PROMPT:
The span to repeat in the listing below runs from the line containing "em Migrantinópolis Polícia" to the line containing "Haoxiang CAR Power", inclusive. Repeat it exactly, and only it.

DATA FOR PROCESSING:
-- Opening Marker --

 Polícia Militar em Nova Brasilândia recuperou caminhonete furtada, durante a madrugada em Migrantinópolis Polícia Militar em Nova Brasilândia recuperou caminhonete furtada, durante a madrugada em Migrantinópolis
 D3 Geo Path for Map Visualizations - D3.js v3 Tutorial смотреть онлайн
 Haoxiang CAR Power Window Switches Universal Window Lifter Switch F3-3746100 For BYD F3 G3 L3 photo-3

-- Closing Marker --
-- Opening Marker --

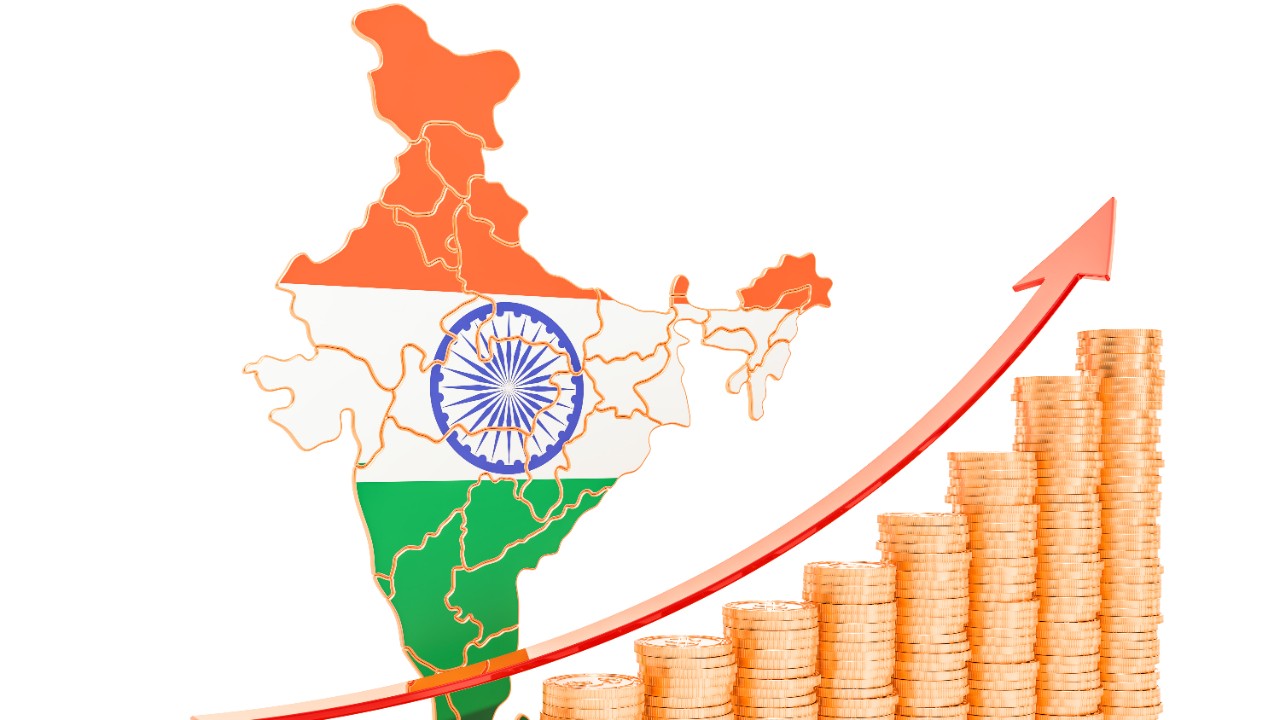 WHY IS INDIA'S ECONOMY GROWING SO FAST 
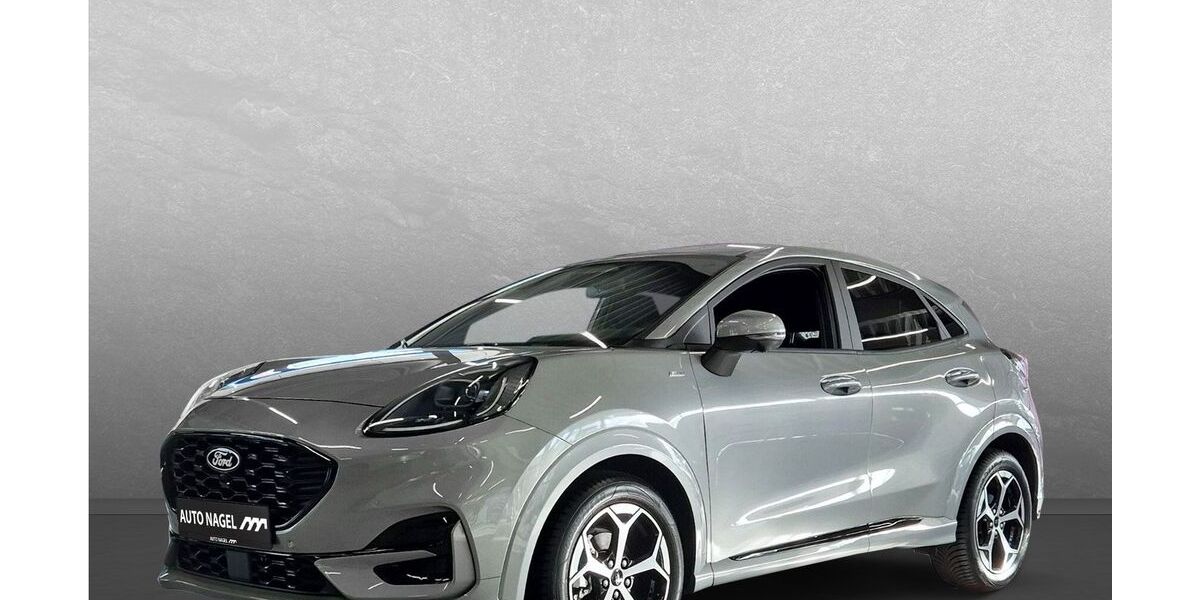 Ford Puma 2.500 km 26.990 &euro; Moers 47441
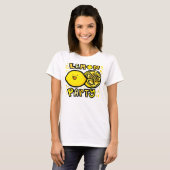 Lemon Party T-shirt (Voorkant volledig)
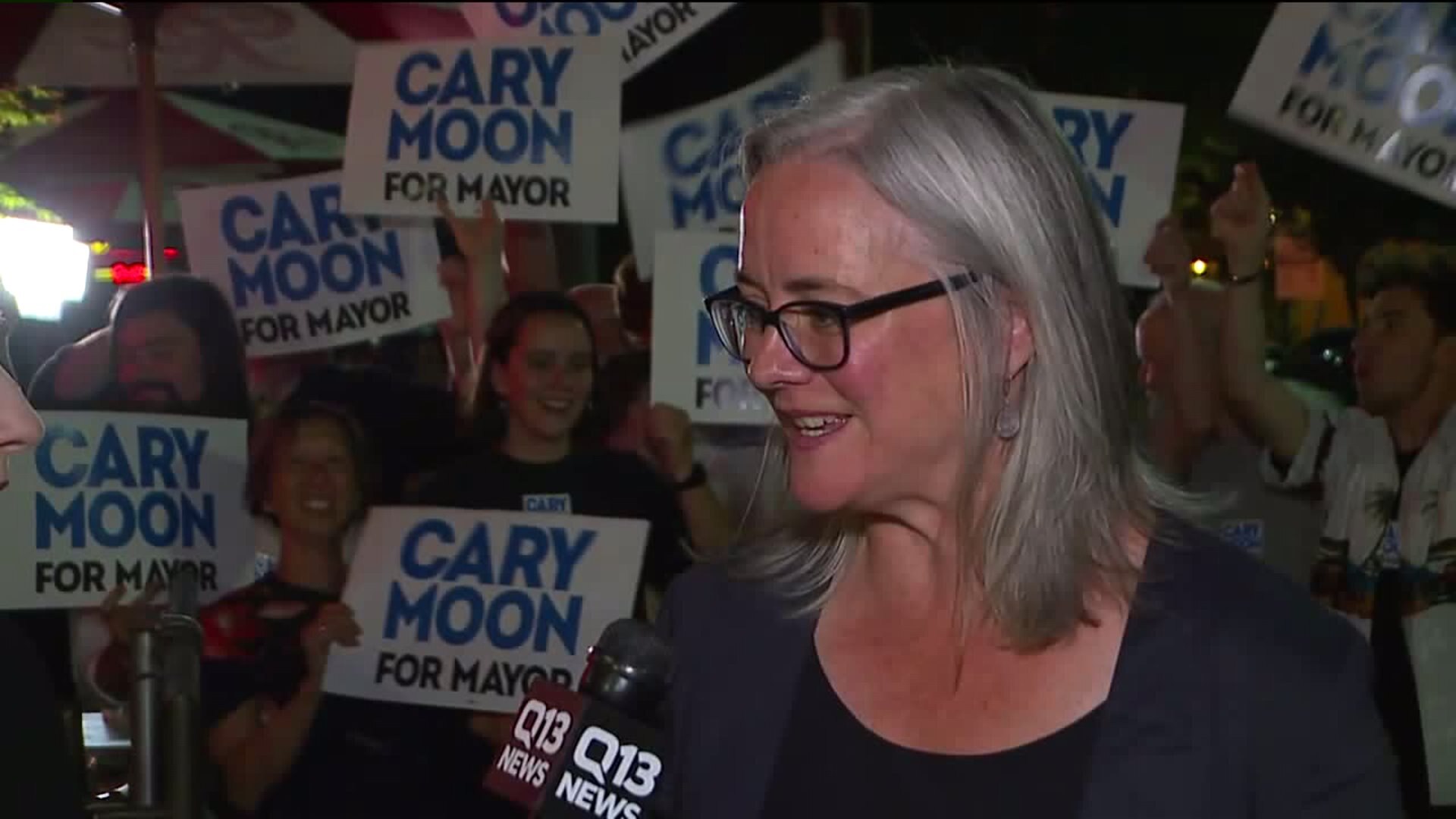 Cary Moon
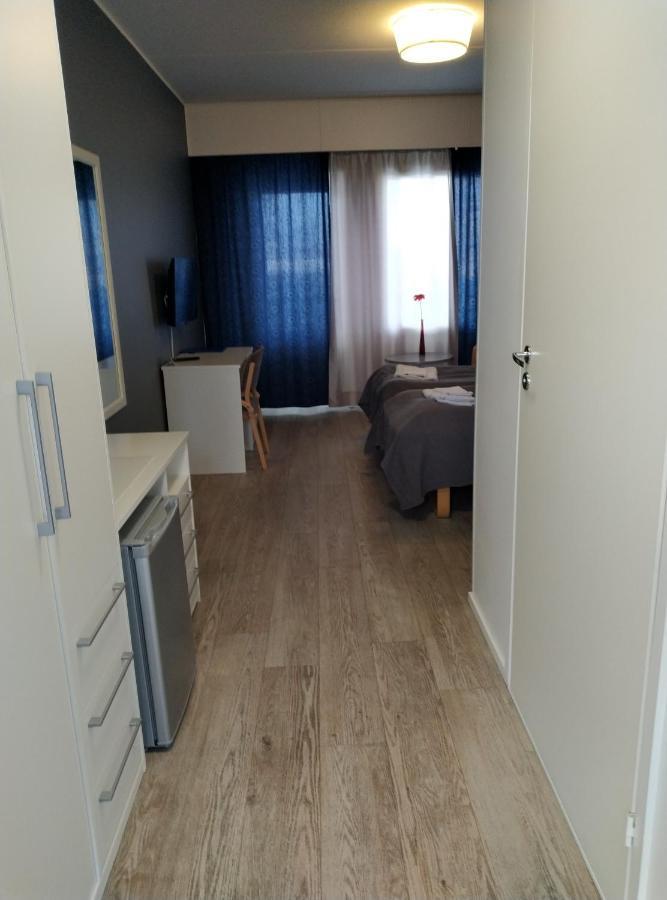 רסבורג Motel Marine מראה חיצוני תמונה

-- Closing Marker --

RESPONSE TO THE EXERCISE:
 Polícia Militar em Nova Brasilândia recuperou caminhonete furtada, durante a madrugada em Migrantinópolis Polícia Militar em Nova Brasilândia recuperou caminhonete furtada, durante a madrugada em Migrantinópolis
 D3 Geo Path for Map Visualizations - D3.js v3 Tutorial смотреть онлайн
 Haoxiang CAR Power Window Switches Universal Window Lifter Switch F3-3746100 For BYD F3 G3 L3 photo-3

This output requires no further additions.